In her thesis, she seriously claims to have uncovered a golden scroll that proves the true existence of Merlin the sorcerer. Intrigued by the thesis and by Deirdre, Indy once again takes up the bullwhip and fedora for an action-packed chase across Britain filled with magic, mystery, murder, a lesson in love and the threat of world domination.

== Characters ==
- Dr. Henry Jones Jr. (a.k.a. Indiana Jones) professor and archaeologist.
- Deirdre Campbell Indy's student and the daughter of Dr. Joanna Campbell.
- Dr. Joanna Campbell mother of Deirdre Campbell and Indy's boss who invites him on the dig.
- Jack Shannon Indy's best friend and roommate, a jazz musician.
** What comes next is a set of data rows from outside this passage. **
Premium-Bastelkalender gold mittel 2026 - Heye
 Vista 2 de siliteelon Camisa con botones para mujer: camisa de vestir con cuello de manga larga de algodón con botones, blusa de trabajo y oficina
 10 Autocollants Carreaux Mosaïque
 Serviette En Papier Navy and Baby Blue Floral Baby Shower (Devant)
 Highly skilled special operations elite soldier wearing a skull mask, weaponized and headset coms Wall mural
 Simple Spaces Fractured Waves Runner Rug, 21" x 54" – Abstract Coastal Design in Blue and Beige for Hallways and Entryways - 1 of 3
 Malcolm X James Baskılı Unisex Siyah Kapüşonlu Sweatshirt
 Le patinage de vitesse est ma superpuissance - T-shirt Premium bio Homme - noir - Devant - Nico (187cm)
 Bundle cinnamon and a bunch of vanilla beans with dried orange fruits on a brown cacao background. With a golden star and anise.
- Dr. Milford an eccentric old friend to Indy's father and Marcus Brody, who likes to randomly speak Middle English. He is sent by Brody to tell Indy that Omphalos was stolen, but, because of his memory problems, he keeps forgetting what he was supposed to tell him.
- Adrian Powell a Member of Parliament, and former associate of both Deidre and Joanna Campbell, who is carrying out a hidden agenda which has almost claimed Indy's life on more than one occasion.
- Father Byrne a Catholic priest from Whithorn who has known the Campbell family since before Deidre was born.
- Carl and Richard two brothers, both carpenters and members of the Scottish Amateur Archaeology League hired by Dr. Campbell to assist in the excavation of St. Ninian's Cave, near Whithorn Isle, Scotland.